Task description: When the string "крем" is part of a line in the data below, report the whole line.
Input data Block Start
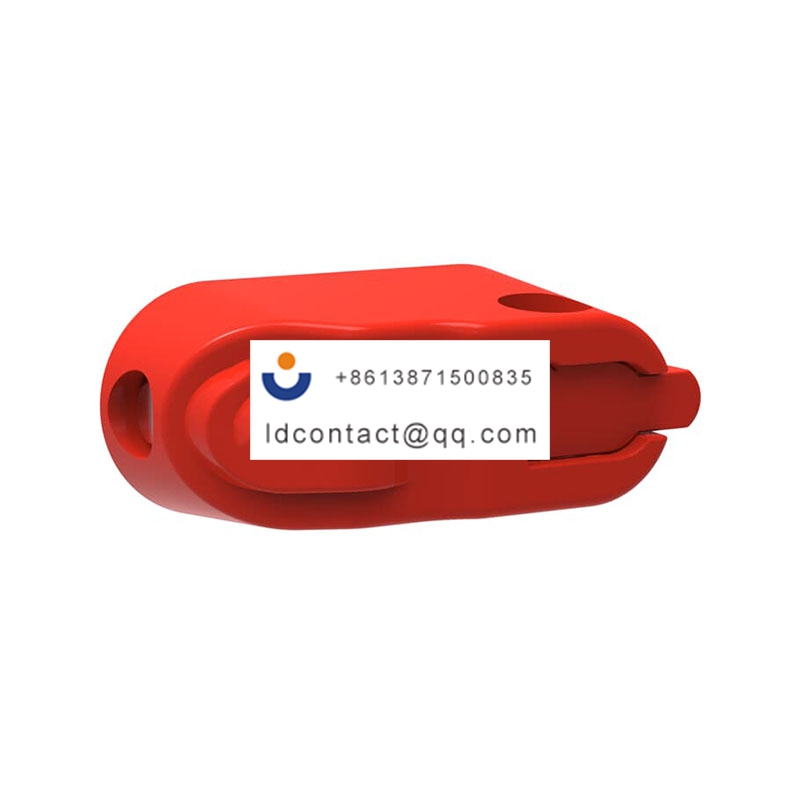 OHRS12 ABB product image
Input data Block End
Input data Block Start
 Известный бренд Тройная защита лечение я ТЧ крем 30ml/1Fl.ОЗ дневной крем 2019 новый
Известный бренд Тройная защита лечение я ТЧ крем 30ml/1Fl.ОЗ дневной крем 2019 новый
Input data Block End
The completed task:
 Известный бренд Тройная защита лечение я ТЧ крем 30ml/1Fl.ОЗ дневной крем 2019 новый
Известный бренд Тройная защита лечение я ТЧ крем 30ml/1Fl.ОЗ дневной крем 2019 новый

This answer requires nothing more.